第9話「会話は甘味」

 空きっ腹にちょっとした物を入れると余計にお腹が空くのは未だに僕の疑問のうちの一つだ。

 ある程度お菓子を交換したり食したりしたあと、残りは自由な時に食べれるように残しておき、別のカフェなどを探そうという結論に至った。

 元々行く予定だったカフェの道筋は分かるものの、分からないふりをして歩くこと数分。
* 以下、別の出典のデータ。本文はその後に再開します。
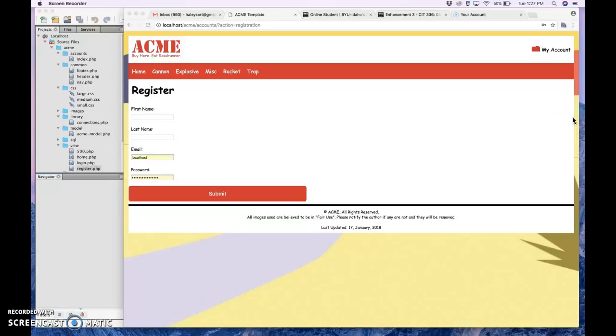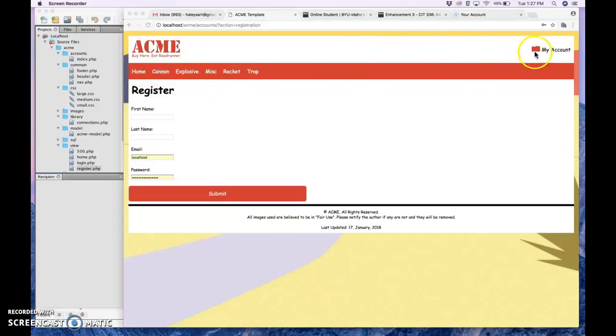That was supposed to be completed this last week, and I couldn't get the connections right. The my account link wouldn't work. I had an issue with the navigation here, so the my account link would not work.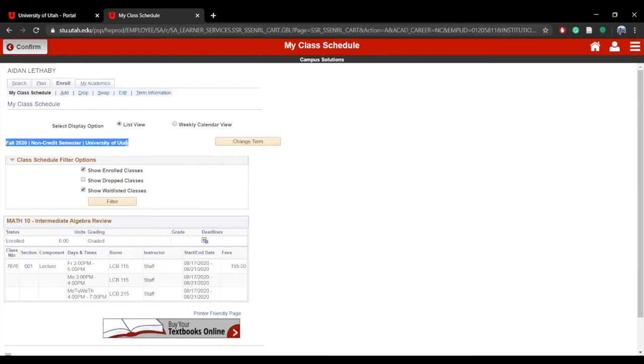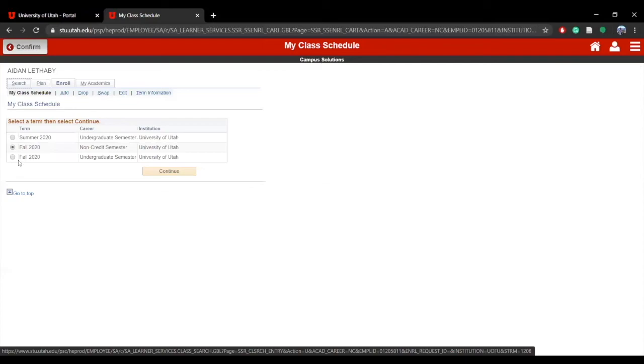To switch back to your credited courses, click the Change Term button at the top of the page and select the credited term for the semester you want to view.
 時間は三時半を過ぎており、太陽の傾きによって肌寒い。快晴ではあるものの、最高気温は十度近くしかないらしく、茅野もマフラーを深く巻き直す。


「ここか」


「ここだね。店名的に」


 現在地と並行で確認して頷く。場所自体は探しづらいのだが、カフェはどうやら人気店のようだ。地図アプリで見ても迷いそうなのに人はどんどん入っていく。カップルから女子高生グループ、大人まで様々に入っていくものだから、僕らもその流れに乗じることとした。


「うわ、すっげぇ」


「わぁ、オシャレだね」


 店内に入りまず僕らが抱いた感想は、さすがお洒落な町六本木というものだった。

 アンティーク調のブルーで統一された店内は見るからに敷居が高そうではあるが、値段自体は意外にも良心的。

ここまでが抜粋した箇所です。